Over the last few years, online mutual fund investments have grown rapidly in India due to the ease of access in account opening, buying a scheme and redemption. Despite being risky as mutual funds are highly rewarding, many Indians have their accounts opened online for mutual fund investments. One essential risk on your mutual fund investments that you should definitely not ignore is to not have a nomination on your investment account.  

Nomination plays a very important role in online mutual fund investments. A nomination is the method of appointing a person to receive the money allocated to a mutual fund in the event of death of the investor or investor’s incapacity or inability to manage the fund. Nomination provides the mutual fund investor with a sense of security and assurance that the intended person would receive the funds.

The requirements of forming a nomination are stated in the Indian Trusts Act and the Securities Contracts (Regulations) Act. In mutual fund investments, the nomination can be done by the investor either in favour of one person or multiple persons sequentially, wherein multiple persons can be listed in order of priority for the disbursal of the funds. The investor must provide the name of the person, address, and identification details as per the requirement of the nominee.

In India, the investor must be at least 18 years of age in order to start mutual fund investments. Such investors can make a nomination for his/her own investments or for the investments of any legal minor such as children, grandchildren or any other legal minors, who are below the age of 18. The nomination details in case of investments made by a legal minor can include either the name of the legal guardian or the name of the natural guardian along with the actual investor.

Apart from this, the nomination in case of investments made in joint names of two or more persons can either be made in favour of one or more than one names, wherein they can also be prioritised.

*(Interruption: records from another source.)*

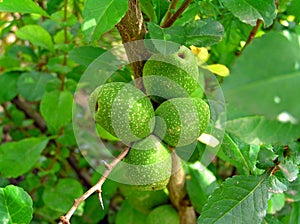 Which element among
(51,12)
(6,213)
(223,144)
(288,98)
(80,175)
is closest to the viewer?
(288,98)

Additionally, the nomination details can be changed at any time during the tenure of the investment.

One of the major reasons to opt for nomination in mutual fund investments is to ensure that the intended people benefit from the mutual fund investment in case of the investor’s sudden death car incapacity. Moreover, another key advantage it provides is that the nominee need not go through the legal process of succession in order to claim their money from the mutual fund investment. 

Thus, when it comes to mutual fund investments in India, nomination plays an important role of providing assurance to the investor that the desired person or persons receive the money invested in the mutual fund in case of the investor’s inability to manage the investment themselves. Therefore, it is very important to make sure that the correct nominations are in place whenever investing in mutual funds.